On St Nicholas

Today is St Nicholas Day! Hooray! As a person of the Czech persuasion, St Nicholas day (or Mikuláš) has long been a thing for me, celebrated in the family with stockings full of sugar and oranges, and if you’re lucky enough to be in CZ with a huge-ass street party where everyone is dressed up like St Nicholas, angels, and demons, and enjoys freaking kids out like so:

demon 1
This, to me, looks like a good and excellent family time out.

Now St Nicholas day itself may not be all that important to most of us who were not blessed enough to be Czech or related to Czechs, but we are generally aware of him because it’s the St Nicholas legend that gave birth to Santa.

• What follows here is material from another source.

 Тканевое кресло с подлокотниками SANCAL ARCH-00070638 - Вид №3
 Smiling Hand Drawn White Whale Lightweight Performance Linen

We often use Santa and St Nicholas as interchangeable, after all, ‘tis the season and all that.

I thought that on his feast day we might have a quick little chat about the life of St Nicholas so you can understand how none of this street party stuff really relates AT FUCKING ALL, but why none of that matters.

SO! We talked a little on twitter about this back in October, but in Edinburgh at the National Portrait Gallery there hangs this absolutely gorgeous triptych of the life of St Nicholas by Gerard David:

St Nicolas 2
(I know, it’s incredible.)

Most probably painted in the very early sixteenth century, this painting is remarkable because it shows us what medieval people thought was important about St Nicholas. Historians today would likely focus on the drier aspects of his life. The man was the Bishop of Myrna in Asia Minor in the fourth century. He may or may not have been at the first Council of Nicea in 325 and punched Arius – the father of the Arian heresy! (FYI it’s not that sexy a heresy and has to do with the nature of the Godhead. Sorry.)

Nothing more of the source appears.